## Captioned web image data

========================================================================

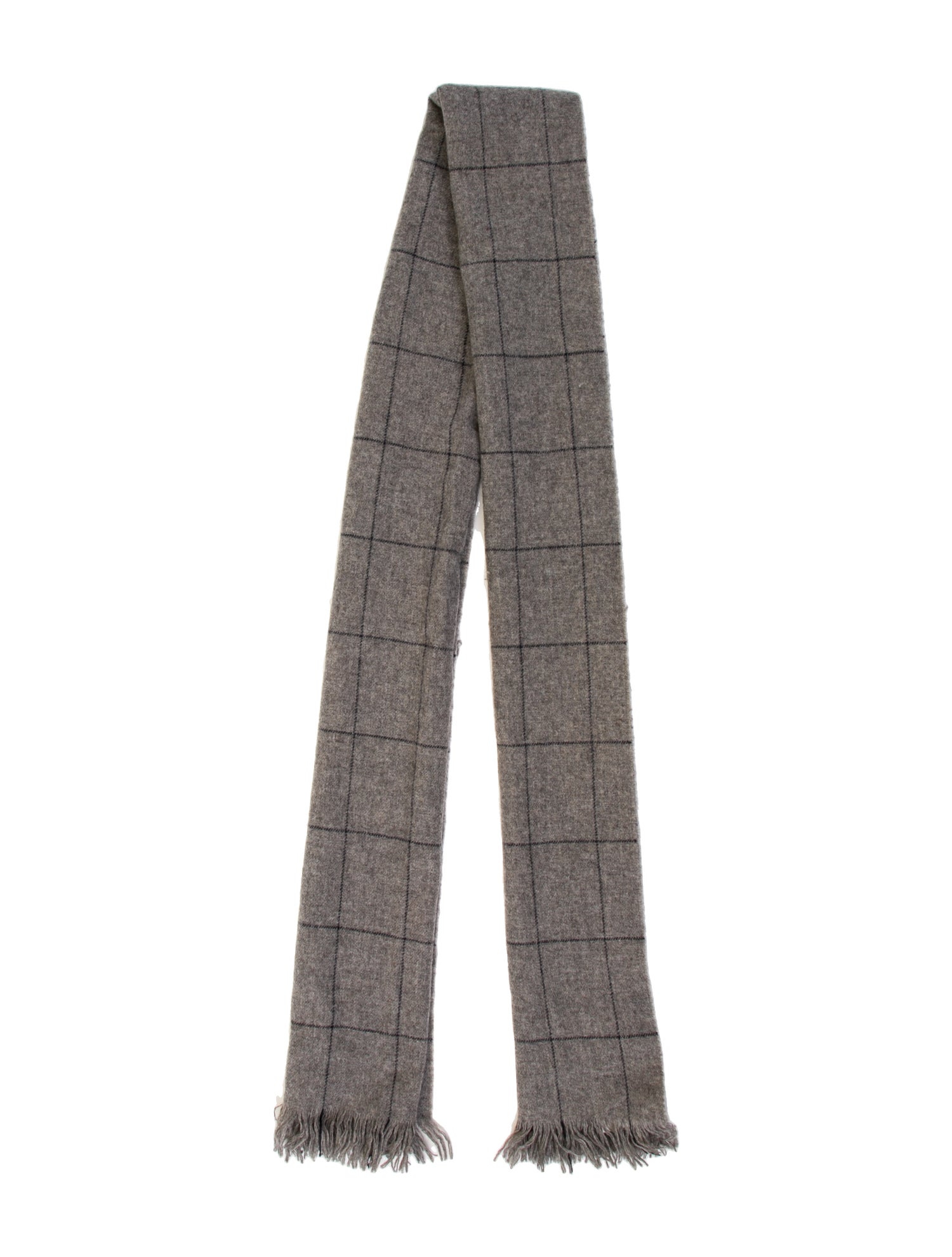 Brunello Cucinelli Cashmere Plaid Print Scarf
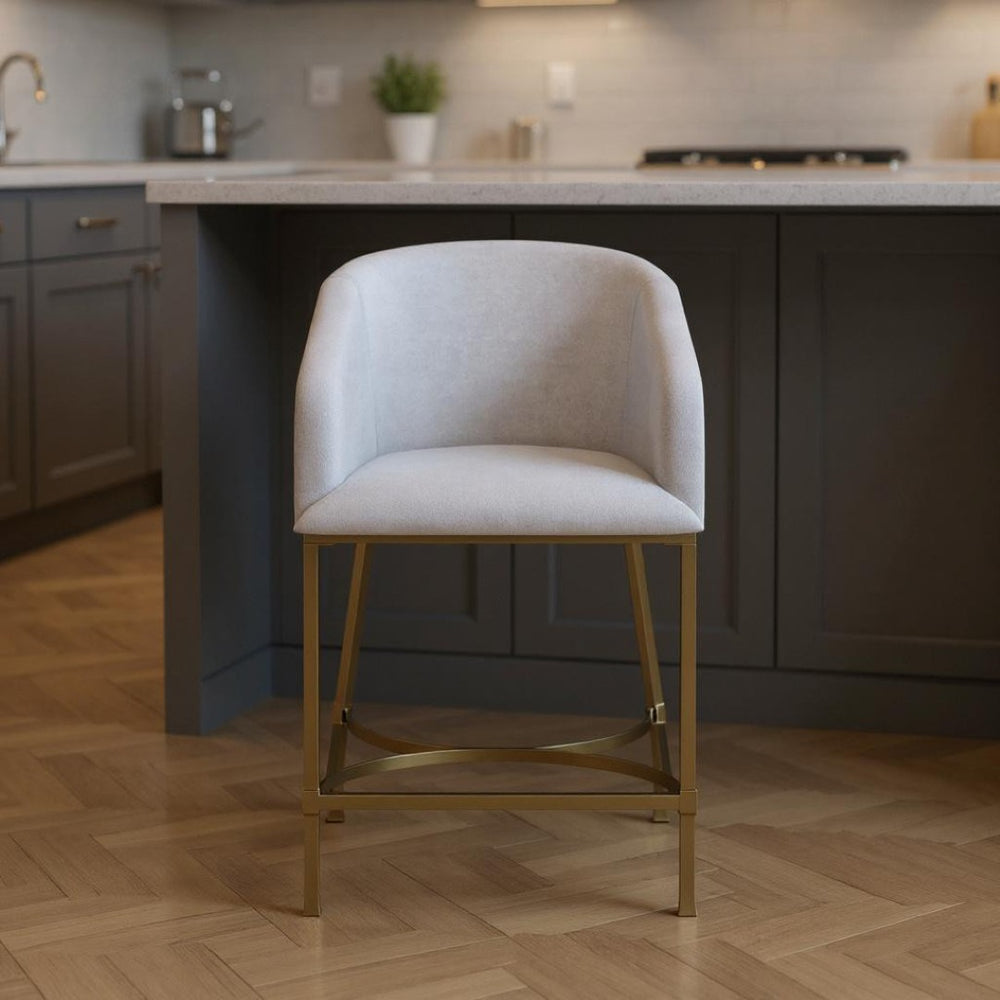 HomeRoots 31" Chic Brown and Gold Low-Back Bar Chair – Modern Design, Comfortable Bucket Seat for Kitchen & Bar 712638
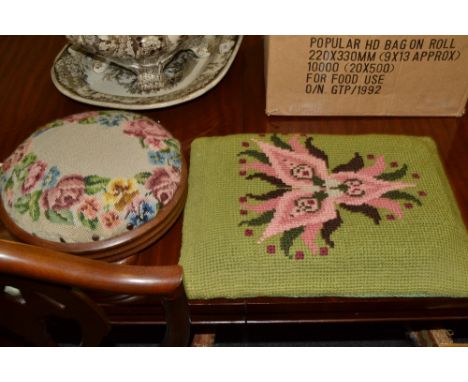 A Victorian style circular foot stool, tapestry top;  a stuffed rectangular tapestry (2)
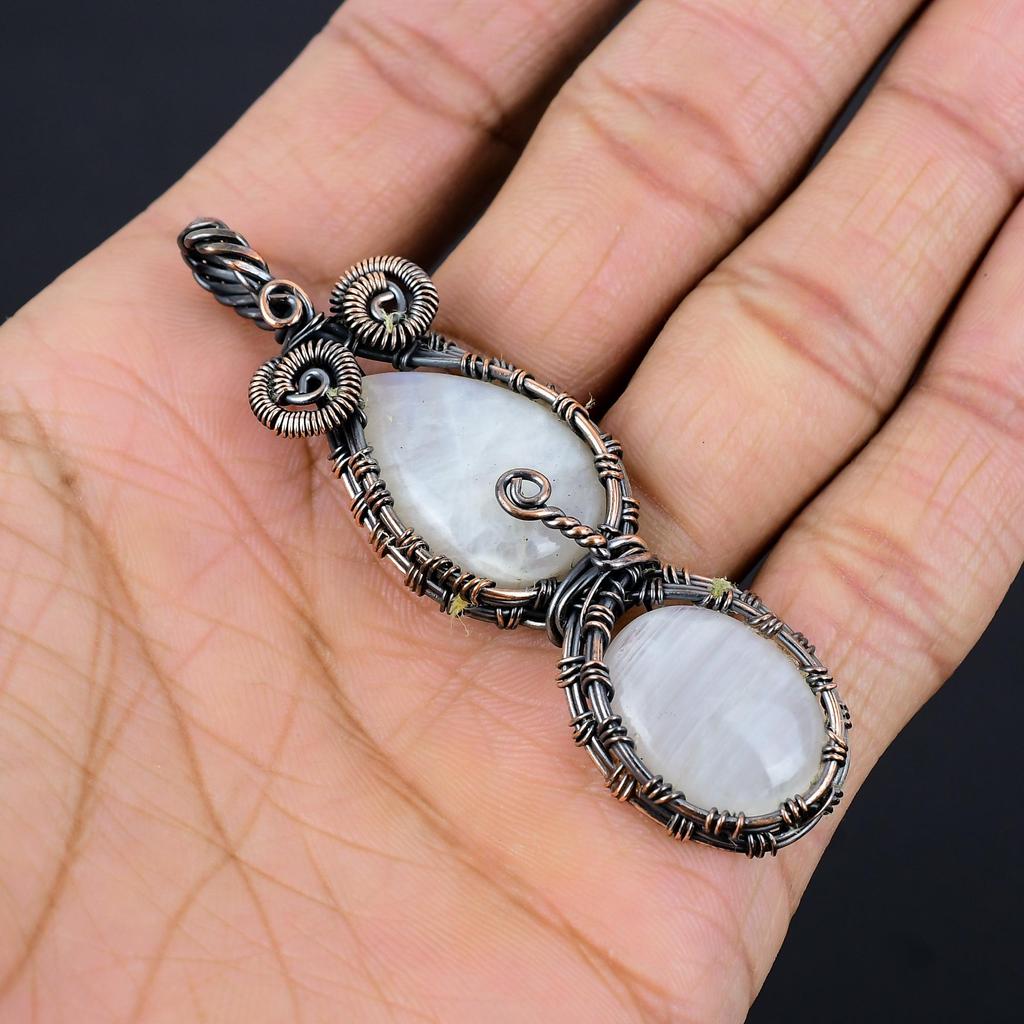Moonstone 999 Copper Wire Wrapped Pendant, Handmade Gemstone Pendant, Gift For Mom Antique Jewelry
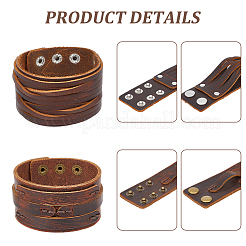 2 Stück 2 Stile Rindslederarmbänder&nbsp;BJEW-CL0003-34A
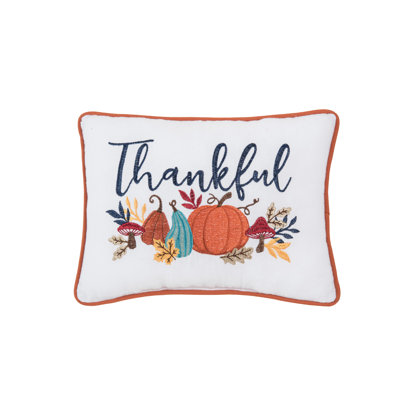 Thankful Harvest Embroidered Throw Pillow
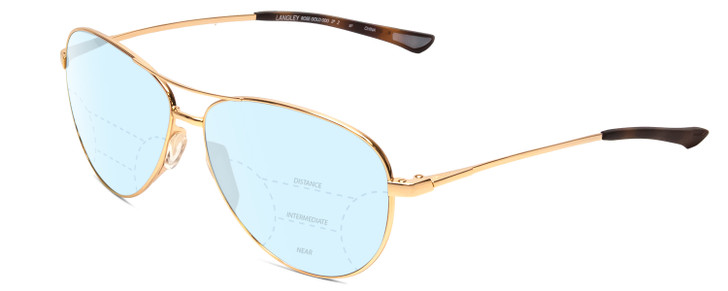 Profile View of Smith Optics Langley Designer Progressive Lens Blue Light Blocking Eyeglasses in Rose Gold Unisex Aviator Full Rim Metal 60 mm with Blue Light Zone functionality illustration laid over the lens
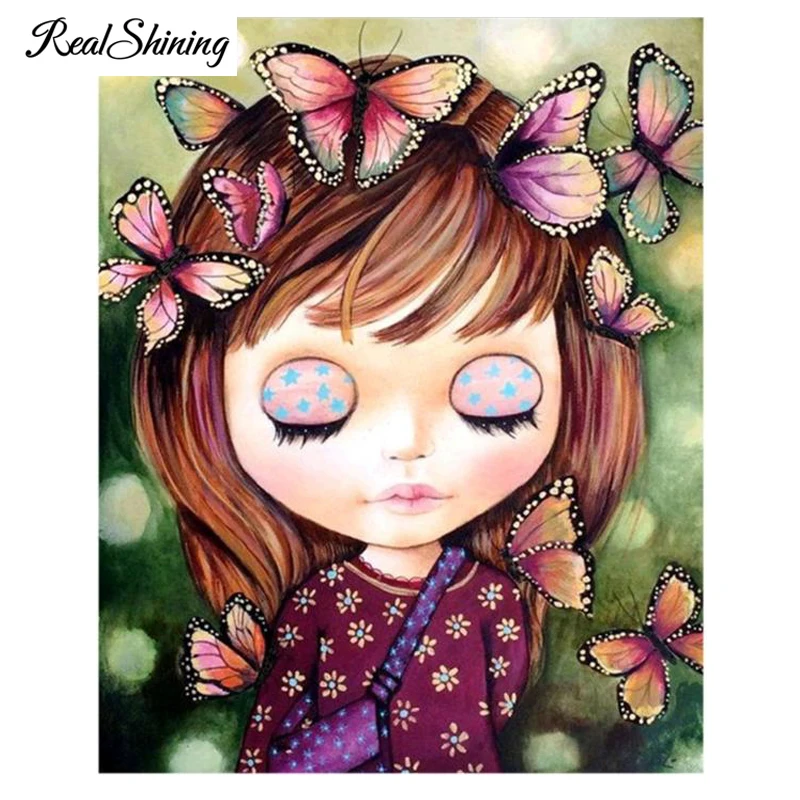 

REALSHINING Full Diy Diamond Embroidery Butterfly Girl 3D Diamond Picture Square Mosaic Rhinestones Diamond Painting FS1833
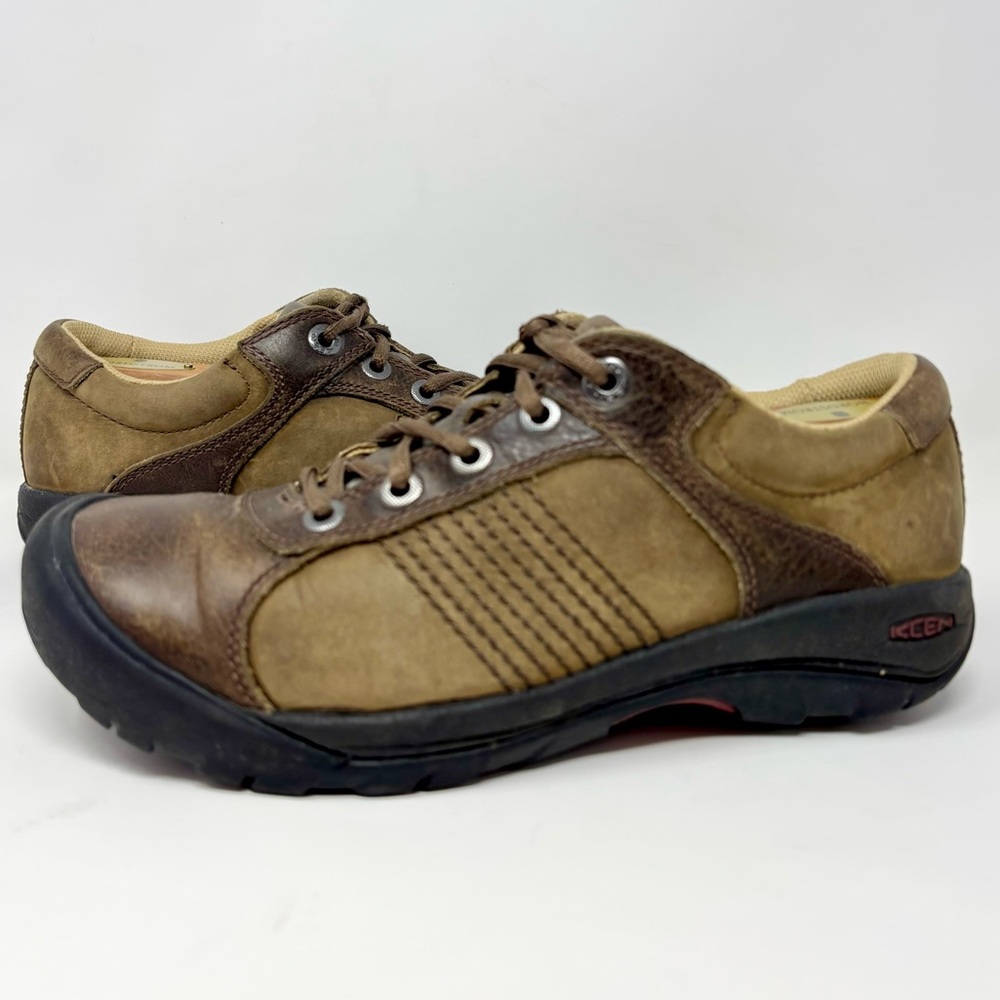 KEEN Finlay Brown Leather Low Hiking Shoes Lace Up Lightweight Oxford M8 / W10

========================================================================

## Exercise brief
Set the records down again exactly, and omit any picture in them.

## Your solution
 Brunello Cucinelli Cashmere Plaid Print Scarf
 HomeRoots 31" Chic Brown and Gold Low-Back Bar Chair – Modern Design, Comfortable Bucket Seat for Kitchen & Bar 712638
 A Victorian style circular foot stool, tapestry top;  a stuffed rectangular tapestry (2)
Moonstone 999 Copper Wire Wrapped Pendant, Handmade Gemstone Pendant, Gift For Mom Antique Jewelry
 2 Stück 2 Stile Rindslederarmbänder&nbsp;BJEW-CL0003-34A
 Thankful Harvest Embroidered Throw Pillow
 Profile View of Smith Optics Langley Designer Progressive Lens Blue Light Blocking Eyeglasses in Rose Gold Unisex Aviator Full Rim Metal 60 mm with Blue Light Zone functionality illustration laid over the lens

REALSHINING Full Diy Diamond Embroidery Butterfly Girl 3D Diamond Picture Square Mosaic Rhinestones Diamond Painting FS1833
 KEEN Finlay Brown Leather Low Hiking Shoes Lace Up Lightweight Oxford M8 / W10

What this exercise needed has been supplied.